The Pint of Science festival has just ended in Cambridge, with the Creative Reactions art show. Artists responded to the work of the Doctors, Professors, and researchers who were showing their work to the public, in an informal pub atmosphere. I enjoy projects where I am not expected to show up with a finished oil portrait, and where people will interact with my work as something other than spectators or informed observers. Pint of Science let me show just how ignorant I was; it was great.
I wanted to cast bronze, but it turns out that this is at least two of difficult, dangerous, and expensive. I eventually settled on laser cutting, because I wanted simple, iconic pictures. A laser cutter lets me mark a surface, but not apply fine shading. It’s a far departure from fine art, which to me is all about tone, comparative light, and colour. I designed it in Inkscape, a free but powerful vector program.

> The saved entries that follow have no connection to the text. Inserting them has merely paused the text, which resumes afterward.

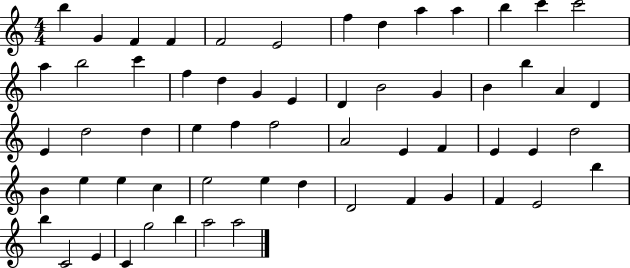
{
  \clef treble
  \numericTimeSignature
  \time 4/4
  \key c \major
  b''4 g'4 f'4 f'4 | f'2 e'2 | f''4 d''4 a''4 a''4 | b''4 c'''4 c'''2 | \break a''4 b''2 c'''4 | f''4 d''4 g'4 e'4 | d'4 b'2 g'4 | b'4 b''4 a'4 d'4 | \break e'4 d''2 d''4 | e''4 f''4 f''2 | a'2 e'4 f'4 | e'4 e'4 d''2 | \break b'4 e''4 e''4 c''4 | e''2 e''4 d''4 | d'2 f'4 g'4 | f'4 e'2 b''4 | \break b''4 c'2 e'4 | c'4 g''2 b''4 | a''2 a''2 | \bar "|."
}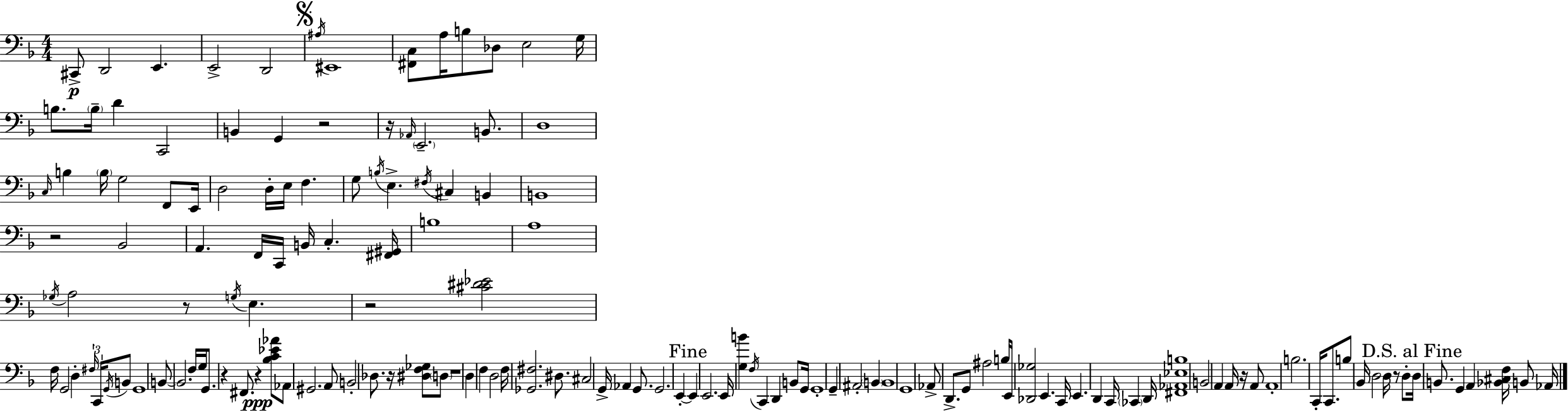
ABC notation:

X:1
T:Untitled
M:4/4
L:1/4
K:F
^C,,/2 D,,2 E,, E,,2 D,,2 ^A,/4 ^E,,4 [^F,,C,]/2 A,/4 B,/2 _D,/2 E,2 G,/4 B,/2 B,/4 D C,,2 B,, G,, z2 z/4 _A,,/4 E,,2 B,,/2 D,4 C,/4 B, B,/4 G,2 F,,/2 E,,/4 D,2 D,/4 E,/4 F, G,/2 B,/4 E, ^F,/4 ^C, B,, B,,4 z2 _B,,2 A,, F,,/4 C,,/4 B,,/4 C, [^F,,^G,,]/4 B,4 A,4 _G,/4 A,2 z/2 G,/4 E, z2 [^C^D_E]2 F,/4 G,,2 D, ^F,/4 C,,/4 G,,/4 B,,/2 G,,4 B,,/2 B,,2 F,/4 G,/4 G,,/2 z ^F,,/2 z [_B,C_E_A]/2 _A,,/2 ^G,,2 A,,/2 B,,2 _D,/2 z/4 [^D,F,_G,]/2 D,/2 z4 D, F, D,2 F,/4 [_G,,^F,]2 ^D,/2 ^C,2 G,,/4 _A,, G,,/2 G,,2 E,, E,, E,,2 E,,/4 [G,B] F,/4 C,, D,, B,,/2 G,,/4 G,,4 G,, ^A,,2 B,, B,,4 G,,4 _A,,/2 D,,/2 G,,/2 ^A,2 B,/4 E,,/4 [_D,,_G,]2 E,, C,,/4 E,, D,, C,,/4 _C,, D,,/4 [^F,,_A,,_E,B,]4 B,,2 A,, A,,/4 z/4 A,,/2 A,,4 B,2 C,,/4 C,,/2 B,/2 _B,,/4 D,2 D,/4 z/2 D,/2 D,/4 B,,/2 G,, A,, [_B,,^C,F,]/4 B,,/2 _A,,/4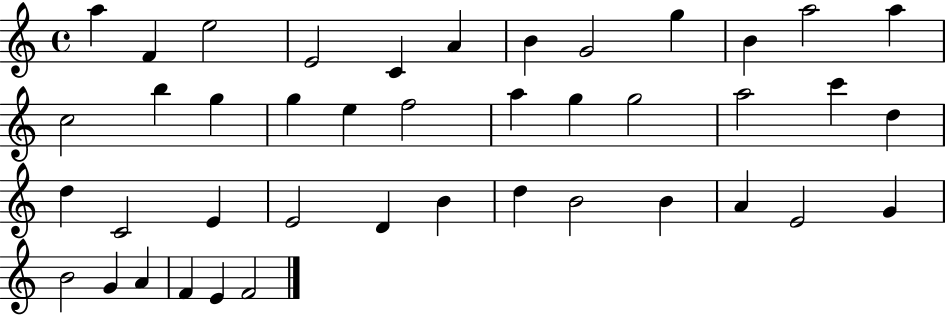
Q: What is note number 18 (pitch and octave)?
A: F5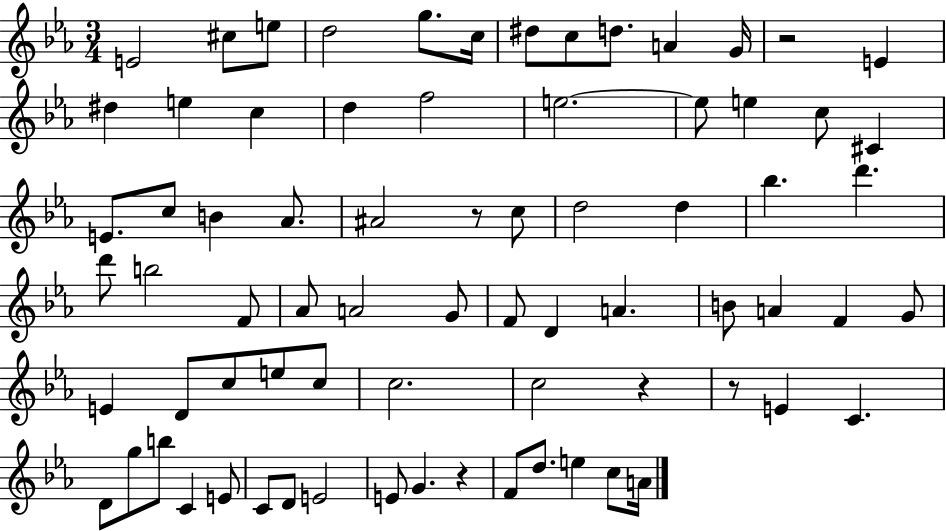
X:1
T:Untitled
M:3/4
L:1/4
K:Eb
E2 ^c/2 e/2 d2 g/2 c/4 ^d/2 c/2 d/2 A G/4 z2 E ^d e c d f2 e2 e/2 e c/2 ^C E/2 c/2 B _A/2 ^A2 z/2 c/2 d2 d _b d' d'/2 b2 F/2 _A/2 A2 G/2 F/2 D A B/2 A F G/2 E D/2 c/2 e/2 c/2 c2 c2 z z/2 E C D/2 g/2 b/2 C E/2 C/2 D/2 E2 E/2 G z F/2 d/2 e c/2 A/4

My first port of call after deciding on the philosophy of my project (another far-out thing for me) was to call on Twitter and Facebook for ideas of what knowledge could be lost in a single generation. The subject of the talk I was assigned was ‘Gender in the Bronze Age’. As it turns out, I knew less than I thought I knew, which was not a lot. So, my art piece reflected how much could be lost, and what could be positively known. It’s a set of icons, and nobody but me knew all of the things they represented, and the links between them. In a related way, nobody can know what people were really thinking or doing in the Bronze Age, and we shouldn’t even think we know – it’s a false knowledge. It’s seldom I use art to make a point, but in this case, I felt I should. It’s also, because I’m an artist, a beautiful pair of objects.